[WHAT TO DO] Below are entries. Reproduce exactly the lines between the line holding "A pair of vases, 2" and the line holding "A modern apartment", inclusive, and only those.

(Short text fragments from websites)
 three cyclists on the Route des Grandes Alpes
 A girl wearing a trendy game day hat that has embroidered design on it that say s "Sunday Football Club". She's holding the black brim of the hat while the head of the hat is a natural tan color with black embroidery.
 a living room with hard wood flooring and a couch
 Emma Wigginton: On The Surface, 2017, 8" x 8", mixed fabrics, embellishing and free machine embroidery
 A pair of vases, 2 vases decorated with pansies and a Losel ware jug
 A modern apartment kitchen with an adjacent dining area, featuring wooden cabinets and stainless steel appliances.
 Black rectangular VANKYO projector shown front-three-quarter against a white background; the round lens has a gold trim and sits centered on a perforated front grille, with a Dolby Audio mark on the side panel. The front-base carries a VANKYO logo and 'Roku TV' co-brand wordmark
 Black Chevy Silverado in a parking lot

[SOLUTION TO THIS EXERCISE]
 A pair of vases, 2 vases decorated with pansies and a Losel ware jug
 A modern apartment kitchen with an adjacent dining area, featuring wooden cabinets and stainless steel appliances.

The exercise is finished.